La culture en hydroponie fait partie des pistes les plus prometteuses. La station de recherche belge Inagro étudie cette possibilité depuis 2015, en collaboration avec REO Veiling et Hydromasters, une entreprise qui commercialise des installations pour la culture en hydroponie. L’un des avantages de ce mode de culture est qu’il supprime le risque de présence de résidus de terre sur le produit final. C’est un grand point fort pour l’export vers des marchés comme le Canada ou le Japon, très lucratifs mais très exigeants.
Selon Inagro, la culture du poireau en hydroponie est rentable, en tenant compte des investissements que nécessite ce système de culture. Le système hydroponique étudié par le centre de recherche est le Deep floating technique (DFT) : les plants de poireau sont positionnés sur des supports en plastique flottant dans un bassin d’au moins 30 cm de profondeur alimenté en eau et nutriments.

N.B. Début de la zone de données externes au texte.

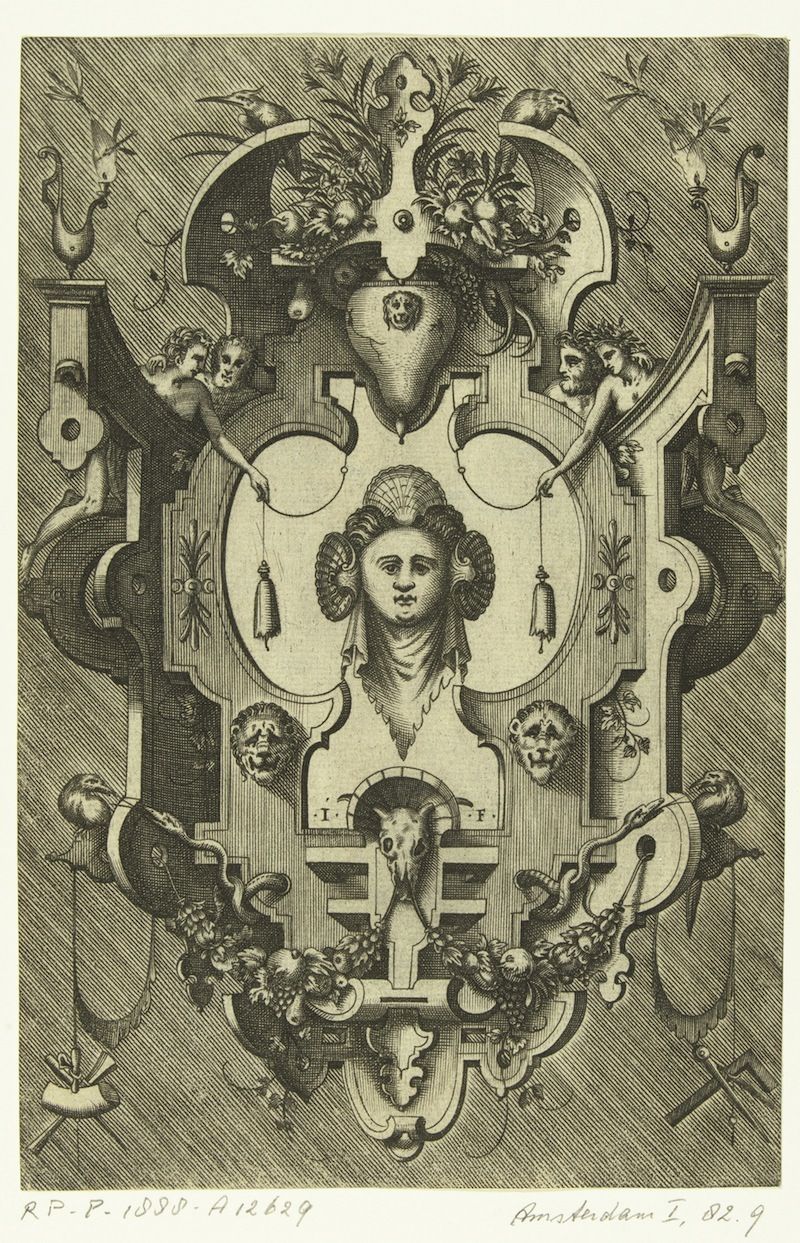 A detailed black and white engraving featuring a central portrait of a head within an elaborate ornamental frame.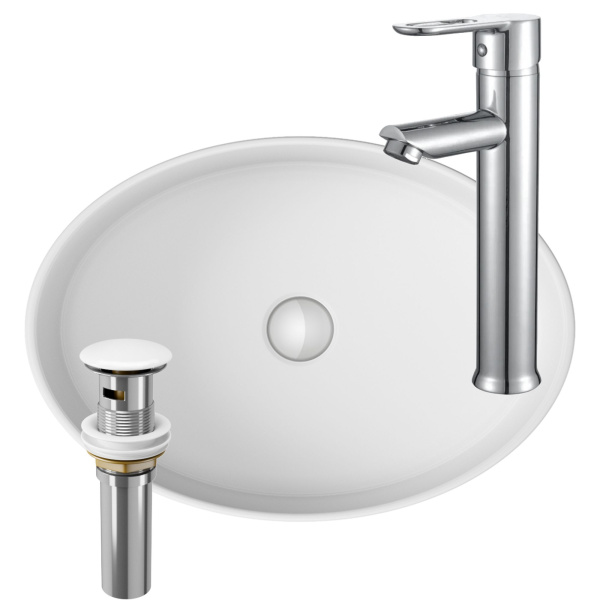 Раковина со смесителем и выпуском (Умывальник на столешницу BAU Nimb овальный 50х36, белый, смеситель для раковины высокий Diadonna Dream, латунь, выпуск клик клак, белый)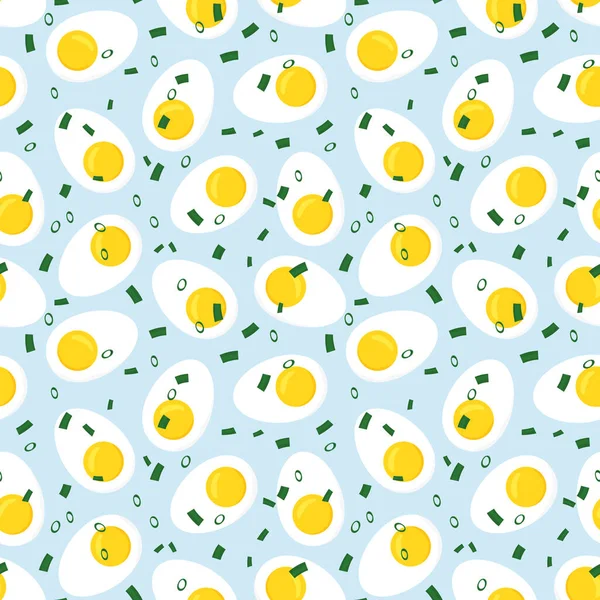 Seamless Pattern Halved Boiled Eggs Chives Vector Illustration — Stock Vector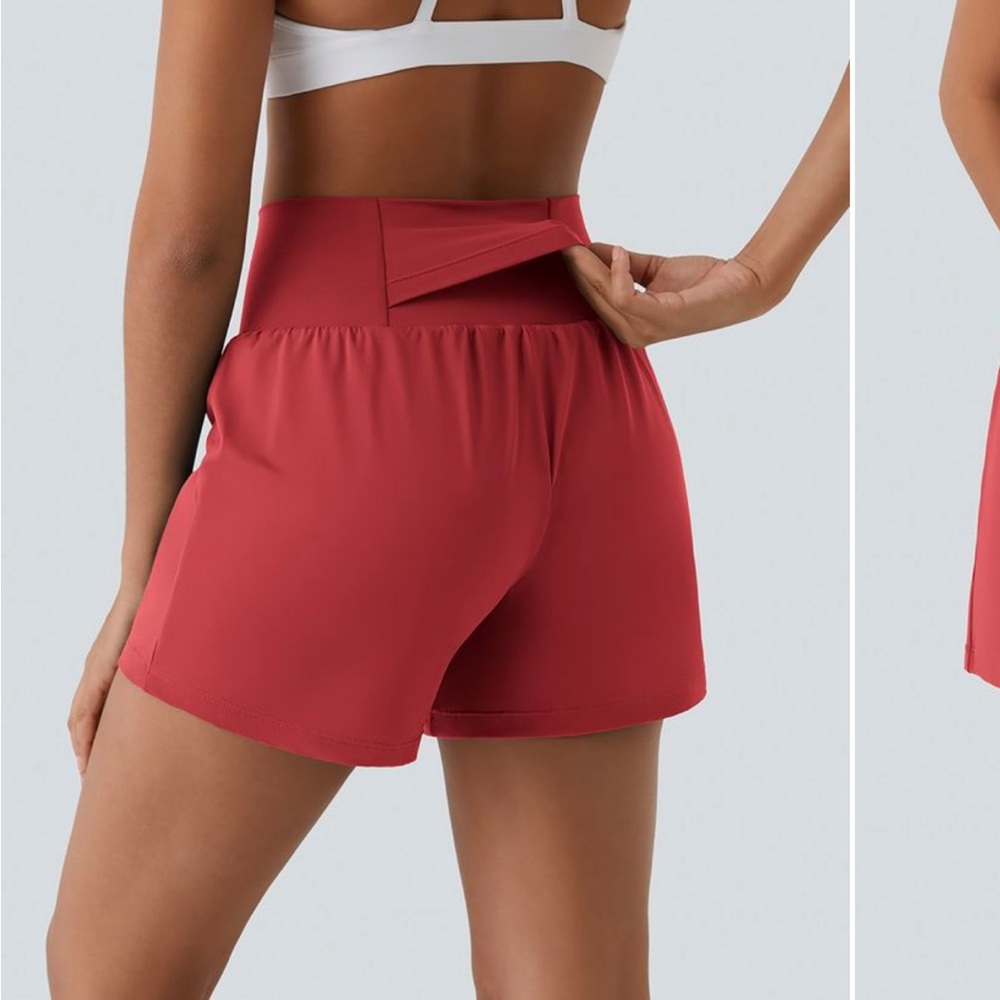 HALARA Women's High-Waisted Red Shorts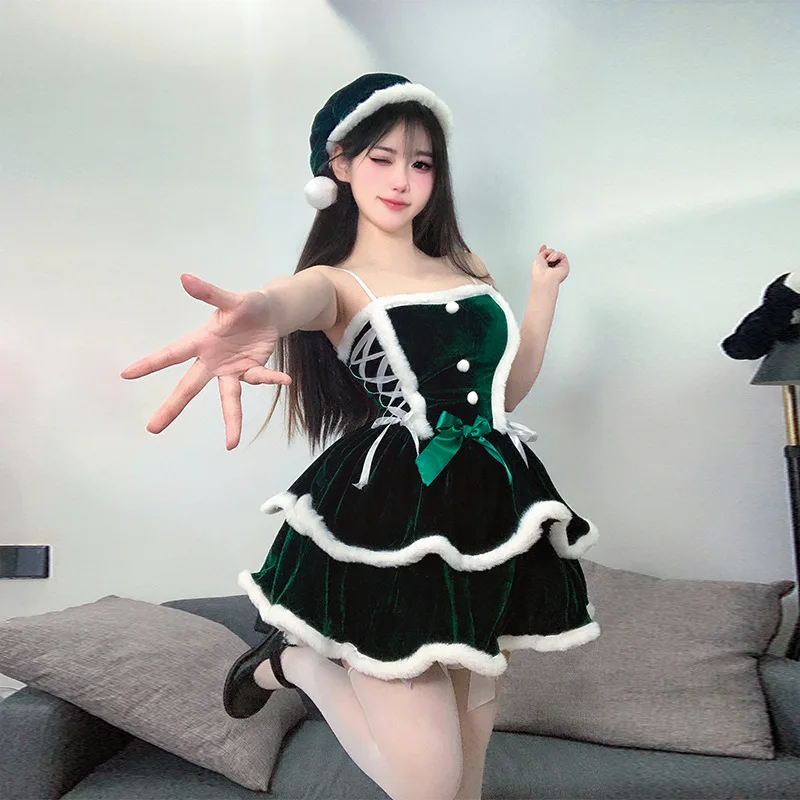 Weihnachten Samt Prinzessin Kleid Schleife Nettes Mädchen Weihnachten Puffy Rock Cosplay Kostüm Neujahr Outfits Nachthemd Rollenspiel Kleider Set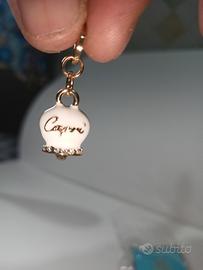 Ciondolo in Metallo campanella smalto bianco con c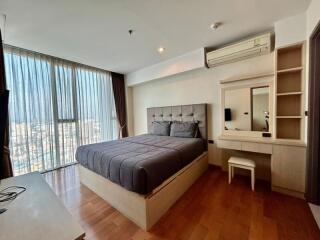 Modern bedroom with large window and city view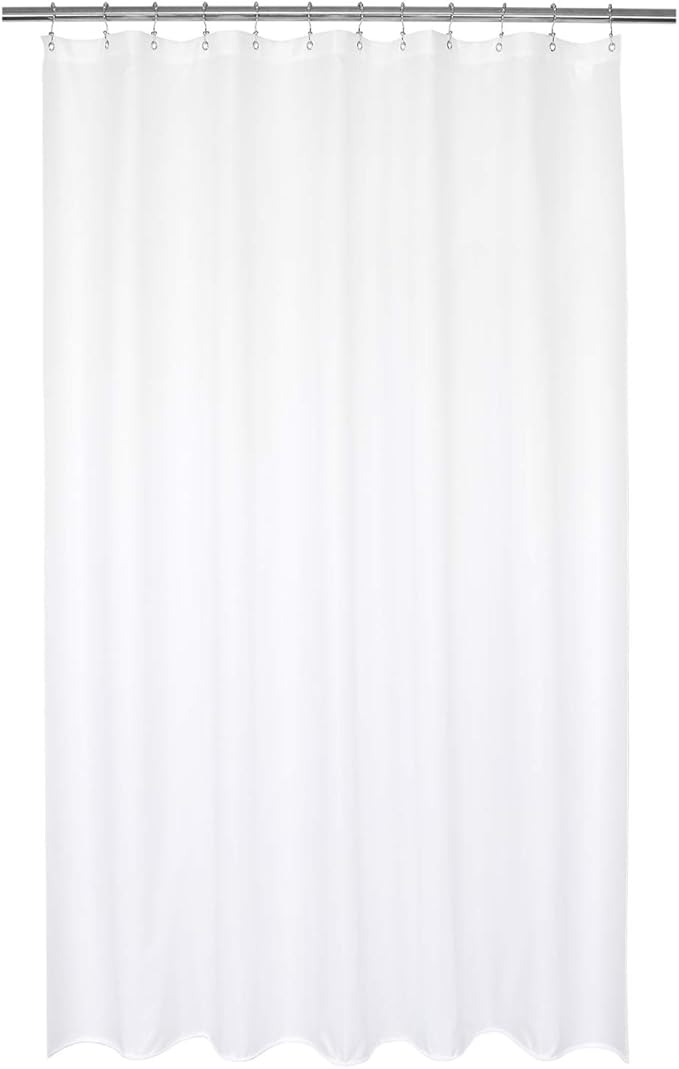 Barossa Design Waterproof Fabric Shower Curtain or Liner Microfiber 72" W x 80" H - Extra Long, Hotel Quality, Machine Washable, White Shower Liner for Bath Tub, 72x80 Inches
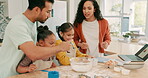 Laptop, instructions and a family baking in a kitchen together with parents teaching their girl children about food. Computer, funny or bonding with kids learning how to cook from a mother and father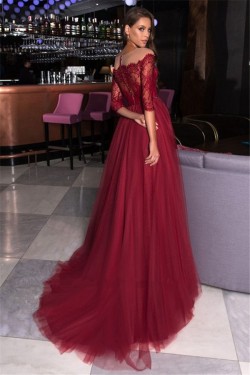 A-Line Lace and Tulle Long Prom Dress Formal Evening Dresses 601648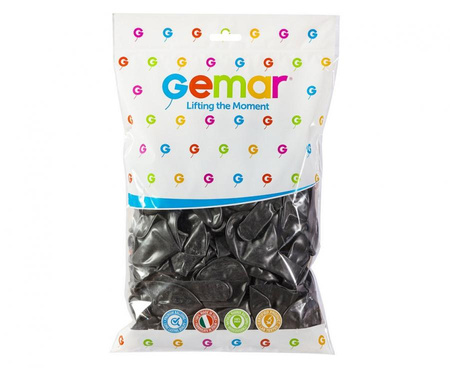 Balony Lateksowe Klasyczne Metaliczne Czarne Na Urodziny 10" - 100 szt.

Une installation pilote de 400 m²
Une système de circulation à faible consommation d’energie permet de faire circuler l’eau et d’avoir un taux d’oxygène suffisant. Chaque plant de poireau est entouré par un tube afin de conserver la blancheur du fût. Un autre atout de l’hydroponie en DFT est son rendement. « Avec ce système, nous cultivons à une densité de 600 000 plants par hectare, précise Tomas Van de Sande, du département sol et eau d’Inagro. Et comme le poireau pousse plus vite, nous pouvons réaliser 2 à 2,5 cycles de production par an. » L’une des particularités du système DFT expérimenté à Inagro est qu’il est réalisé en plein air, ce qui est très inhabituel avec cette technique. La culture sous serre n’a pas été retenue pour des raisons agronomiques, le poireau ne supportant pas les températures élevées, mais aussi économiques, afin de limiter les coûts d’investissement.
Les recherches d’Inagro sur la DFT ont pris de l'ampleur en 2021 avec la construction d'une installation pilote, qui comprend six bassins de production différents, d'une surface totale de plus de 400 m² : quatre petits bassins et deux grands bassins de 1,40 m de profondeur. « On récupère l’eau de pluie pour alimenter les bassins, décrit Tomas Van de Sande. Il faut bien gérer la quantité de solution nutritive en fonction du volume d’eau. » Les recherches portent sur différentes méthodes de contrôle, de circulation et d’ajustement de la solution nutritive. Inagro vise un rendement par hectare six à huit fois supérieur à une production en pleine terre. « En petits bassins, on a déjà atteint ce niveau de production », assure Tomas Van de Sande.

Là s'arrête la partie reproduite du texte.